Saturday, 6 June 2015

Stenuf Is Stenuf: A Look At Hedy Stenuf Byran's Story


As everyone knows, in Sonja Henie's era a number of ladies posed threats to the Norwegian skater's utter dominance of ladies figure skating but none were able to topple her from the top of the podium. One of those skaters was Austria's Hedy Stenuf and I think you'll find, as I did in researching this blog, her story to be absolutely fascinating.

Stenuf was born in Vienna, Austria and spent her early childhood in ballet slippers instead of ice skates. She passed the Vienna Opera Ballet's test at the age of ten before trading in her slippers for skates at age eleven. After making her international debut at the European and World Championships in 1935, Stenuf interestingly finished second at the 1936 Austrian Championships, sixth as a representative of Austria at the 1936 Winter Olympics... and represented France at the 1936 European Championships.

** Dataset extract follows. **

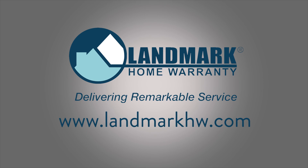If you have any questions or concerns, contact a local electrician. You can also get more home tips and tricks at www.landmarkhw.com. Thank you for watching!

Her prodigal talent on skates and balletic style caught the eye of Olympic Gold Medallist Karl
Schäfer and he actually took her on as his protégé. While she was still competing, Schäfer brought her along on an exhibition tour in the U.S. and she became familiar to American audiences. After competing for France once again during the 1936/1937 season, Stenuf moved to the U.S. and started representing a THIRD country. Her timing was actually excellent considering that World War II was about to break out in a couple of years and although skating opportunities were minimal in Europe during the war, competitions continued to be held in North America. Representing the U.S., Stenuf won the bronze and silver medals at the 1938 and 1939 World Championships (the last two World Championships to be held prior to the war) and in 1940, she won the silver medal in both singles AND pairs skating (with Skippy Baxter) at the U.S. Figure Skating Championships held in Cleveland, Ohio. Had circumstances have been different and the 1940 Winter Olympics not have been cancelled due to World War II, many felt Stenuf would have been a medal contender at the 1940 Winter Games.

Stenuf and Karl Schäfer. Photo courtesy Bildarchiv Austria.

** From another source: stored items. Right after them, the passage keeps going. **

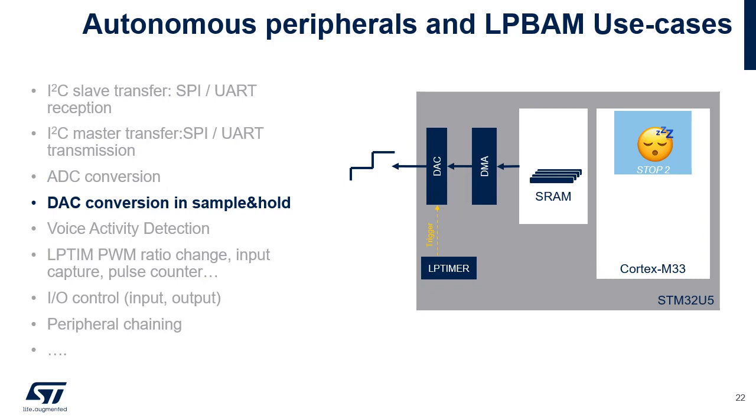In another LP-BAM example, a DMA channel is triggered periodically by a low-power timer. It transfers samples from memory to the digital-to-analog converter. This background task does not require the processor's intervention as long as the waveform to be generated does not change. An ADC analog watchdog can be used to monitor the conversion result and wake up the Cortex-M33 whenever the analog voltage is out of programmed thresholds. This is achieved through the interconnect matrix that internally loops back the output of the DAC to an analog input channel of the ADC.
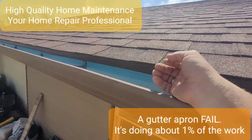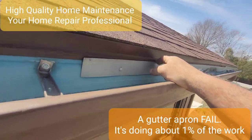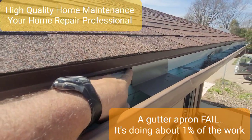A lot of times the gutter installer puts the gutter up behind that drip edge, which is great. If they don't get it up there, sometimes they use what's called an apron, or a piece of sheet metal, that you stick up underneath the drip edge and then it comes down. You take your metal and put it up like so, and then it goes into the gutter.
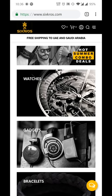Hello, my name is Besser from 6cross and today I'm going to show you how to place an order on our website 6cross.com.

Instead, Stenuf turned professional in 1940 and starred with Baxter in Sonja Henie and Arthur M. Wirtz' Broadway production "It Happens On Ice" at The Center Theater. Hedy also appeared on Ripley's Believe It Or Not, performing four hundred and seventy six revolutions in a spin. According to pre-production notes for the upcoming Eleanor Perry-Smith project "Hedy And The Secret Shoes", when she was stopped by the Ripley's producers after five minutes of spinning, Stenuf said "but I wasn't finished!"


After her professional skating career winded down, Stenuf turned to coaching and had her own skating studio based in Denver, Colorado in the fifties. She was a well respected coach and a friend to some of skating's greatest luminaries... Dick Button, Barbara Ann Scott and Carlo Fassi among them. According to one of her former students, she was apparently doing the Biellmann spin long before Tamara Moskvina, Karen Iten or Denise Biellmann. Stenuf later moved to Florida and coached at the Sunrise Ice Skating Center in Sunrise, Florida. She passed away on November 7, 2010 at the age of eighty eight in Hallandale, Florida.